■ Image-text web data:
---*---

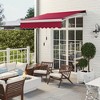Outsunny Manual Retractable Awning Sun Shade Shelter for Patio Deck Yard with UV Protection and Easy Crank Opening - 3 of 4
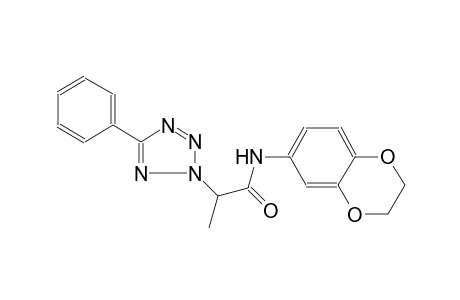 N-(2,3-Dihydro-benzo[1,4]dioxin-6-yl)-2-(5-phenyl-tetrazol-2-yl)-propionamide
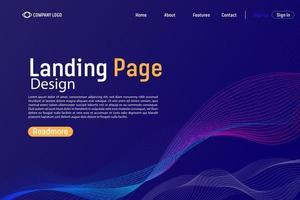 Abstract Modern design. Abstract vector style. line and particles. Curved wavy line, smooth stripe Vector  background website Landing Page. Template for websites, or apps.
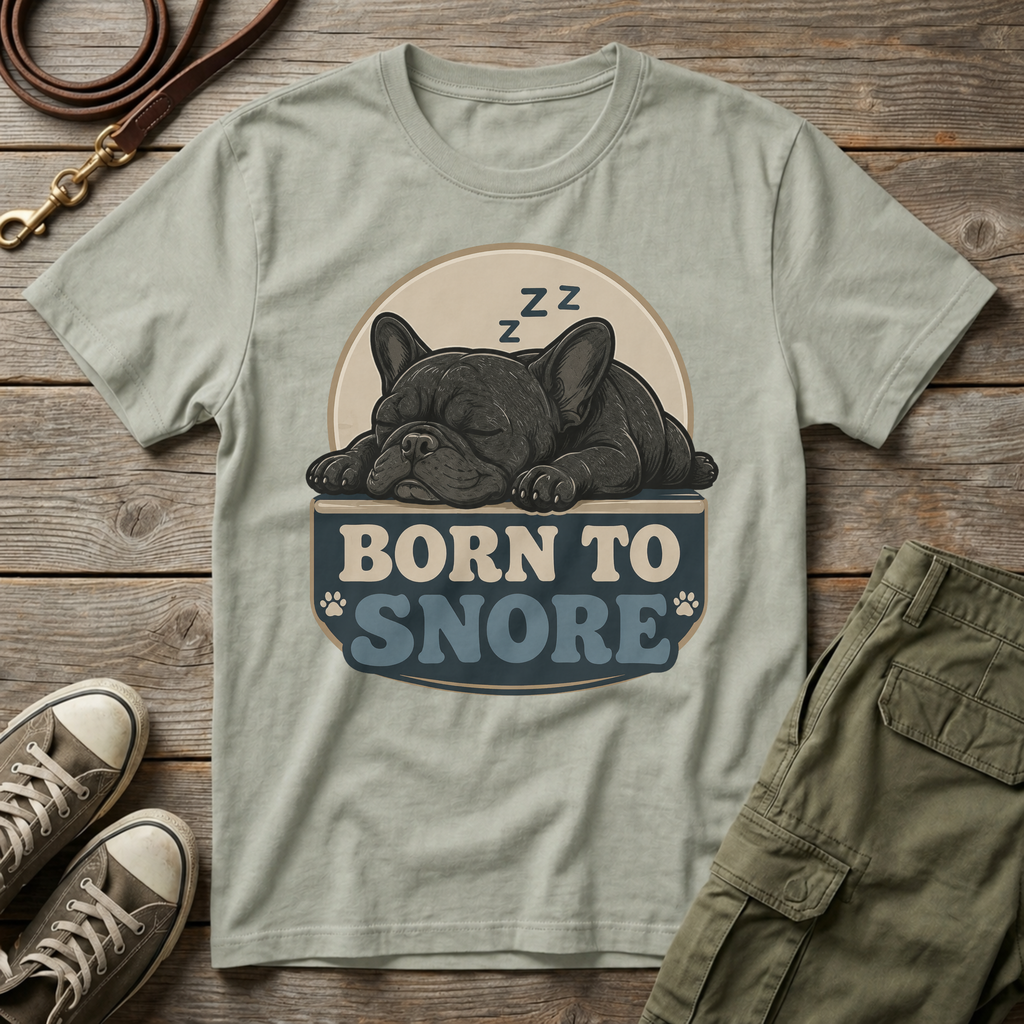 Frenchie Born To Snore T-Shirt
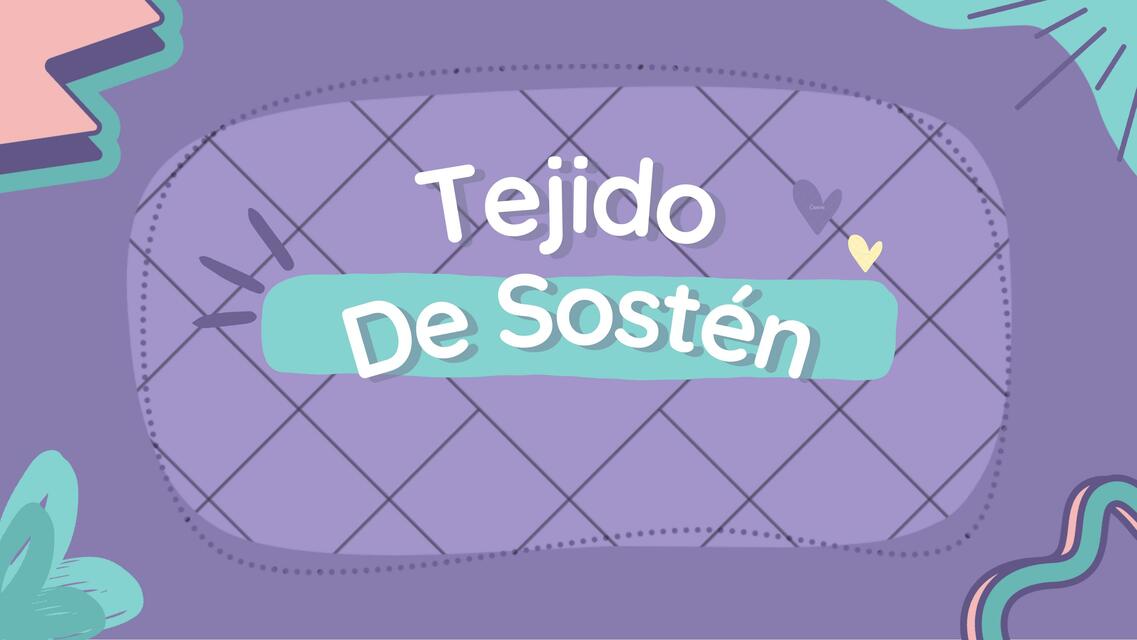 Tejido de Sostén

---*---

■ WORK REQUIRED:
Pictures don't belong in the copy. Transcribe every record exactly as it appears.

■ ANSWER BELOW:
Outsunny Manual Retractable Awning Sun Shade Shelter for Patio Deck Yard with UV Protection and Easy Crank Opening - 3 of 4
 N-(2,3-Dihydro-benzo[1,4]dioxin-6-yl)-2-(5-phenyl-tetrazol-2-yl)-propionamide
 Abstract Modern design. Abstract vector style. line and particles. Curved wavy line, smooth stripe Vector  background website Landing Page. Template for websites, or apps.
 Frenchie Born To Snore T-Shirt
 Tejido de Sostén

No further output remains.